Yes --- endotoxin production in the gut is "3 strikes you're out" for anyone who wants to maintain physiological age at chronological age.

C? Free radical damage out of control? ----- Yes, the oxidative free radical damage theory of aging is well-established. Oxidative damage is nothing more than a description of our NUTRI-SPEC Dysaerobic Metabolic Imbalance. Oxygen radicals bounce around out of control causing intracellular damage everywhere they strike. Premature aging is the consequence.

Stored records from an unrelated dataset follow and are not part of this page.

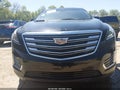 Photo 18 of 18 — 2017 Cadillac XT5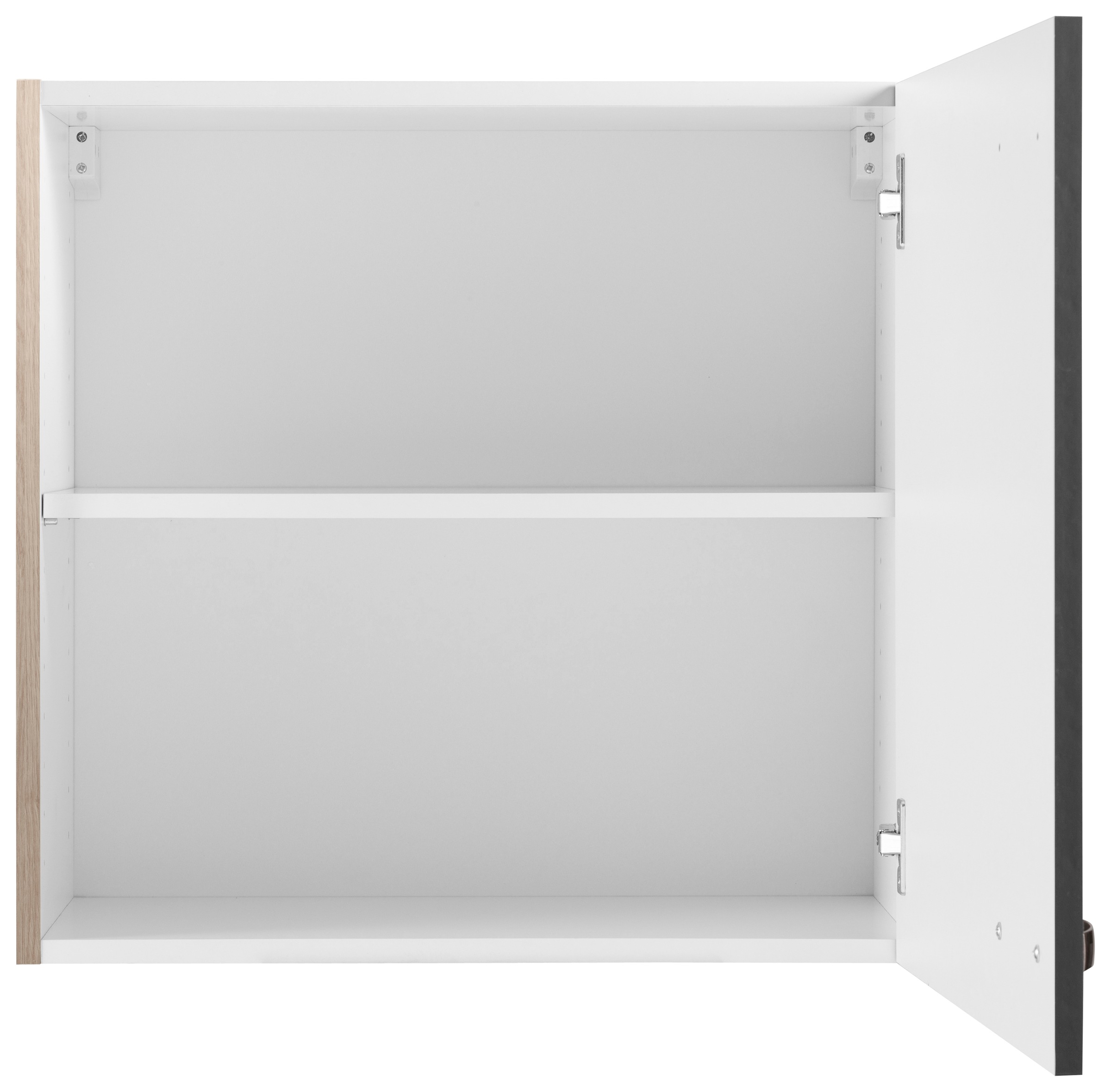 OPTIFIT Hängeschrank »Faro«, mit Metallgriff, Breite 60 cm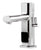 ELECTROLUX PROFESSIONAL PARTS Electrolux Professional 0S1436 One-Hole Mixer Tap; Infrared; 3/4 - SKU ELX0S1436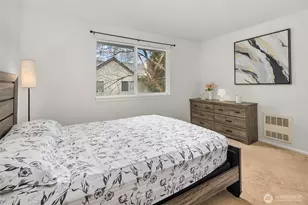 325 S 51st St, Renton, WA 98055 - Photo 19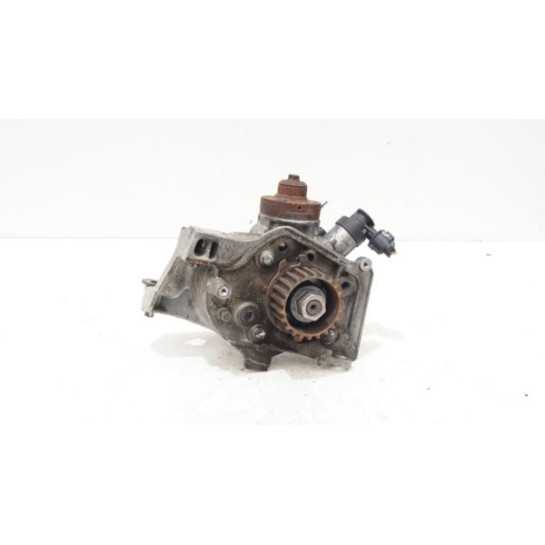 Pompa wtryskowa Citroen Peugeot Ford 1.6 HDI 1.6TD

Where do these evil oxygen radicals come from? There are 3 sources:

  • eating vegetable oils, especially HOHUM PUFAs

  • excess insulin --- from eating sugar, or too many carbs, or eating too frequently

  • immune system pro-inflammatory activation by endotoxin

It is excess of both omega 6 and omega 3 fatty acids that oxidize out of control --- generating damaging free radicals. It is excess insulin leading to insulin resistance that creates advanced glycation end products --- another source of damaging oxygen radicals. It is the absorption of endotoxin from a rotten gut that activates mast cells and other immune system components --- generating both Th1 and Th2 inflammatory cytokines whose end result is oxidative tissue damage.

Yes, our modern lifestyle results from slavish obedience to dogmatic belief systems --- the medical/pharmaceutical/agribusiness paradigm that anti-metabolites are food, and that drugs are part of healthcare. Mindlessly surrendering to establishment "authorities" has made aging as easy as A, B, C.

How do we set ourselves free? How do we live stronger longer? --- In a word, NUTRI-SPEC. It's as easy as 1, 2, 3:

  1. Commit to a life-long Diphasic Nutrition Plan that minimizes the production of PGE2 --- achieved by Eat Well – Be Well and the amazing assortment of ADAPTOGENS in Diphasic AM and Diphasic PM.

  2. Make a life-long commitment to a Diphasic Nutrition Plan that includes Eat Well – Be Well and Immuno-Synbiotic to maintain normal intestinal flora and eliminate inflammaging by endotoxin.

  3. Make a life-long commitment to a Diphasic Nutrition Plan that minimizes both Dysaerobic/Catabolic/oxidative inflammaging --- employing Eat Well – Be Well along with the amazing array of:

    • anti-oxidant adaptogens

    • anti-reductive adaptogens

    • nutrients to maintain glycemic control, and

    • Oxy Tonic + Electro Tonic + Oxy D+ to maintain tissue pH balance and normal membrane permeability.

In a word, NUTRI-SPEC. Administer assertively.